Would qualify for Medicaid, but your state did not expand the program.
There will be other ways to avoid this penalty; call your state-specific exchange or the federal exchange for additional information.
What do I need to do?
This is an exciting time for people who have been responsible for paying for their own or their loved ones’ healthcare. The best action you can take is to be prepared; get started by taking these three steps:
1. Organize your documents and be sure to include:
Social security numbers (or document numbers for legal immigrants in your household)
Employer and income information for every member of your household who needs coverage (pay stubs, W-2s, wage or tax statements)
Policy numbers for any health insurance plans covering members of your household
2. Complete the employer coverage tool for every job-based health insurance plan you or someone in your household is eligible for. This form is required even if you are not enrolled; it is available at www.healthcare.gov.

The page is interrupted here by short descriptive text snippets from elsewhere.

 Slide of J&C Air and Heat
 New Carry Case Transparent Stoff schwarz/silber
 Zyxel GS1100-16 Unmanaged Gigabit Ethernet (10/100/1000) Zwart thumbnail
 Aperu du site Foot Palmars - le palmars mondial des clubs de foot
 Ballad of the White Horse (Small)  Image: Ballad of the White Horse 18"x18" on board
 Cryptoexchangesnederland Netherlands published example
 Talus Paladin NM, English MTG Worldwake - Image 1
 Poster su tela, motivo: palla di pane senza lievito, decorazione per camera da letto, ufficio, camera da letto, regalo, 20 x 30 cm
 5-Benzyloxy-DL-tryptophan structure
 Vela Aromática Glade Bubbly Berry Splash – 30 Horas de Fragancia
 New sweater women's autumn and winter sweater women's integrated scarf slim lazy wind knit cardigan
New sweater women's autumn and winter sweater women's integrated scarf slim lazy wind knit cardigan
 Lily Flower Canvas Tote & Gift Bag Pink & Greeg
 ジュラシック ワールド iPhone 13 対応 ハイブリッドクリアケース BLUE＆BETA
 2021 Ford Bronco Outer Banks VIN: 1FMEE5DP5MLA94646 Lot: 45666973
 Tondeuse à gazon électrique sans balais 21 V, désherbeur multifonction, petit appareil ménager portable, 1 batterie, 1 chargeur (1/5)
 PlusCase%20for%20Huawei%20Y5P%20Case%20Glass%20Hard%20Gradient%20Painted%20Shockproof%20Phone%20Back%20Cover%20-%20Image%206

3. Sign up in person, online, or by phone. Some states operate their own Marketplaces. There is a menu on www.healthcare.gov that will direct you to your state’s site. If the federal government operates your state’s Exchange, you will still need to go to http://www.healthcare.gov to create an account, compare plans, and purchase insurance.
Anyone, regardless of where they live, can call (800) 318-2596 to get started and ask questions.
There have been significant wait times to enroll, and some state websites have crashed or had other technical problems. However, the bugs are being worked out and wait times are decreasing. Don’t give up, and find the plan that works best for you and your loved ones.